The Palus Caprae (or Capreae; [1] meaning "Goat Marsh" or "the Goat's pool" [2] ) was a site within the Campus Martius in Ancient Rome. In Roman mythology, the Palus Caprae was the place where Romulus underwent ascension into godhood.

Contents

Description

The marsh was fed by a stream called Petronia Amnis, [3] [4] but by the Augustan period it had disappeared or been drained. [5] The Palus Caprae was in the small basin where the Pantheon was later built, [6] west of the Altar of Mars supposed to have been established by Numa Pompilius, Romulus's successor. [7] Ludwig Preller thought it might be the same site as the Aedicula Capraria in Regio VI (Via Lata), as listed by the Regiones, [8] and Filippo Coarelli conjectured that the mythic significance of the Palus Caprae was the reason for siting the Pantheon there. [9]

In myth

On the Nones of Quinctilis (July 7), Romulus was reviewing the army on the Campus Martius near the Palus Caprae. Suddenly a storm broke out, accompanied by a solar eclipse, and a deluge consumed the place. When it cleared and the terrified Romans reemerged from their places of refuge, their king was nowhere to be found.

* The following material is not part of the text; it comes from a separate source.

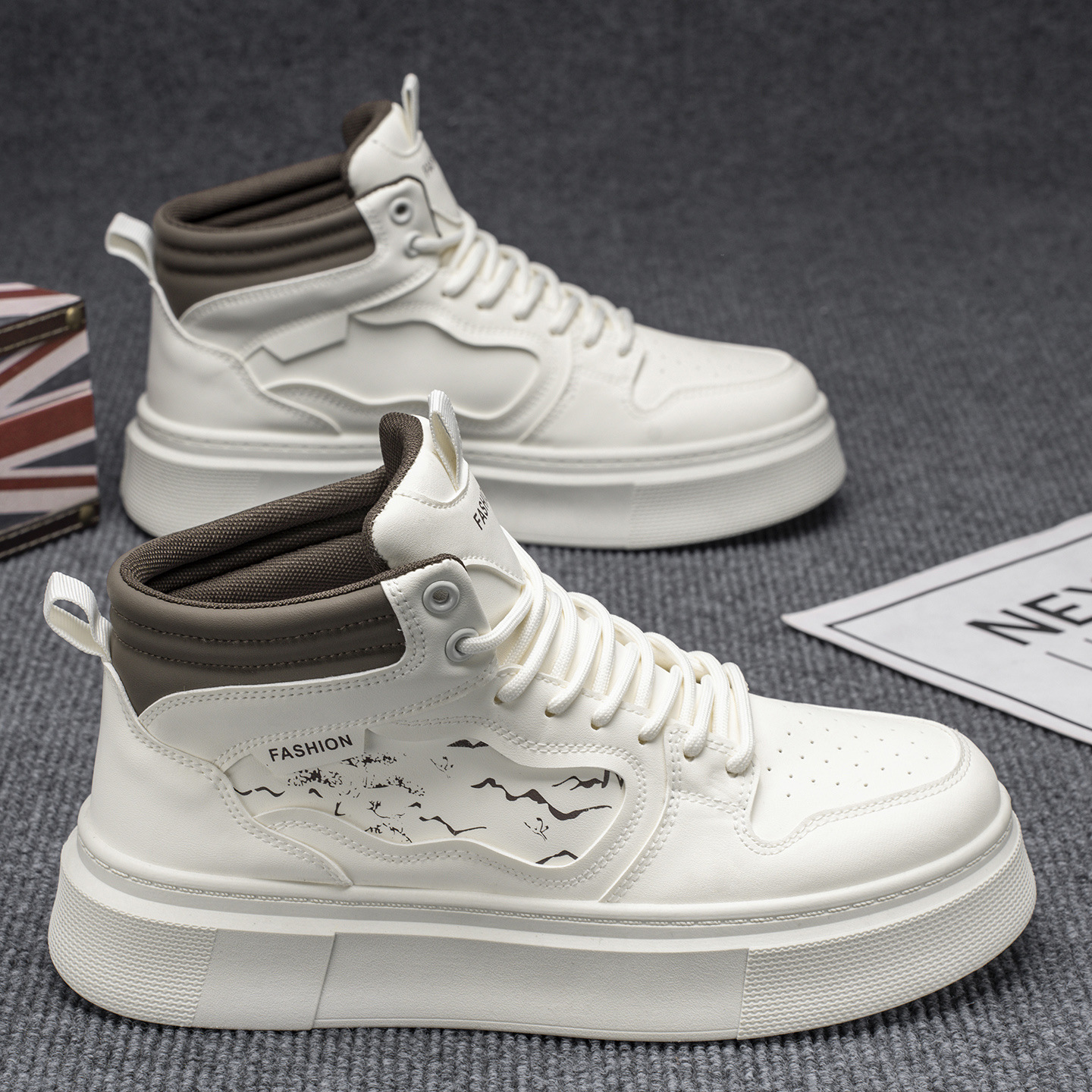 秋季男鞋新款高帮小白鞋子男款潮流百搭厚底CS11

Julius Proculus claimed that Romulus appeared to him in a dream and announced that he was henceforth to be known as the god Quirinus, because the gods had taken him up to live among them. Although Romulus is not said to have died, his tomb was supposed to be located on the Comitium under the Lapis Niger. [10]

The occasion was commemorated ritually by the Nonae Caprotinae.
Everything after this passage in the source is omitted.